Le montant des offres reste secret. D'après les informations publiées dans la presse, Telecom Italia souhaiterait retirer de cette vente entre 800 millions et un milliard d'euros. Un prix surévalué selon certaines sources proches du dossier qui estiment la valeur réelle d'Alice à 650 millions d'euros. "Le dossier est mauvais, confie l'une d'entre elles. Les pertes sont délirantes et continuent de progresser." Après avoir perdu 195 millions d'euros en 2006 (lire l'article A quel prix Alice deviendra-t-il rentable ? du 07/09/2007), la filiale française de Telecom Italia afficherait des pertes cumulées d'environ 1,2 milliard d'euros en 2007, et de plus de 50 millions sur le premier trimestre 2008.

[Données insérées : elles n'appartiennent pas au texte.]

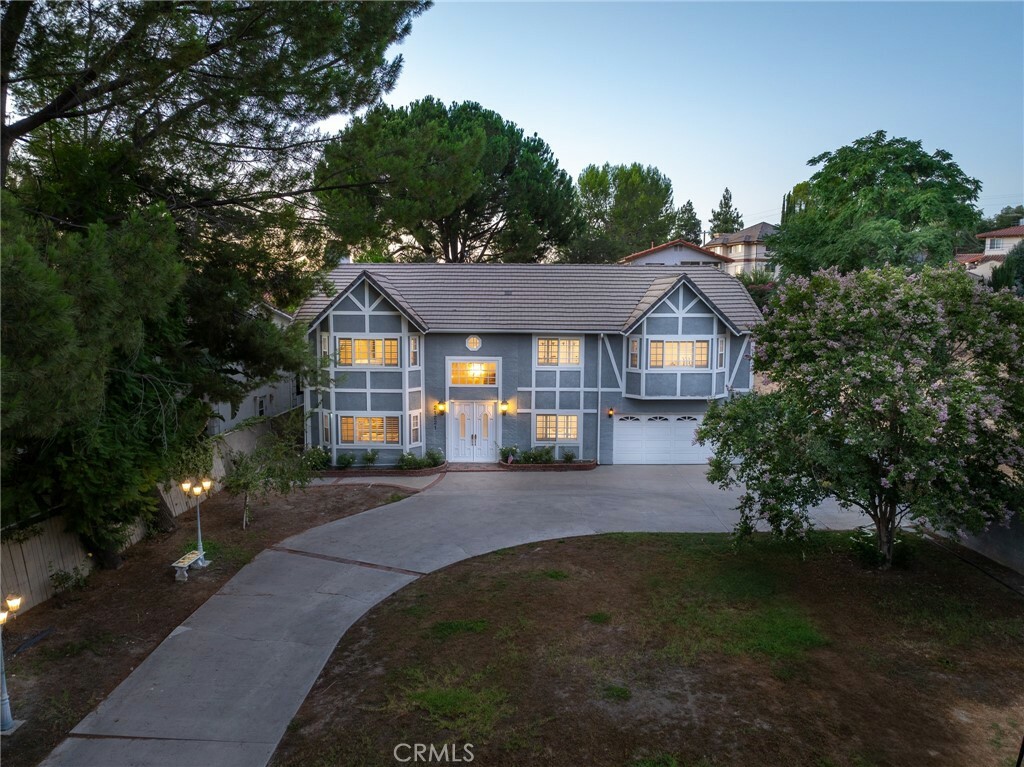 Property Photo:  21221 Mulholland Drive  CA 91364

En dépit de ses caisses vides, la filiale française de Telecom Italia suscite toutefois l'intérêt grâce à sa base d'abonnés Internet haut débit. Alice revendique 900.000 abonnés à fin 2007. Un parc - que certaines sources proches du dossier estiment par ailleurs surévalué de 100.000 abonnés - qui permettrait à Neuf Cegetel de franchir le cap des 4 millions de clients haut débit, à Free d'atteindre 3,8 millions d'abonnés donc de talonner Neuf Cegetel, et à Numericable de prendre pied sur le marché de l'ADSL. La câblo-opérateur a en effet annoncé sa volonté de lancer une offre d'accès à l'Internet par l'ADSL cette année (lire l'article Numericable lancera un MVNO et une offre ADSL en 2008 du 03/03/2008).

Une donnée que Telecom Italia ne manquera pas de faire peser dans la balance pour faire grimper le montant des offres de rachat. C'est pourquoi, selon nos informations, l'opérateur historique italien n'aurait pas encore fixé de date pour le choix du repreneur potentiel. "Cette fois-ci, il va ya avoir un vrai jeu d'enchères entre les candidats, confie une source proche du dossier. D'autant qu'Alice, dernière proie sur le marché français après les rachats d'AOL et Club Internet, bénéficie d'une prime de rareté."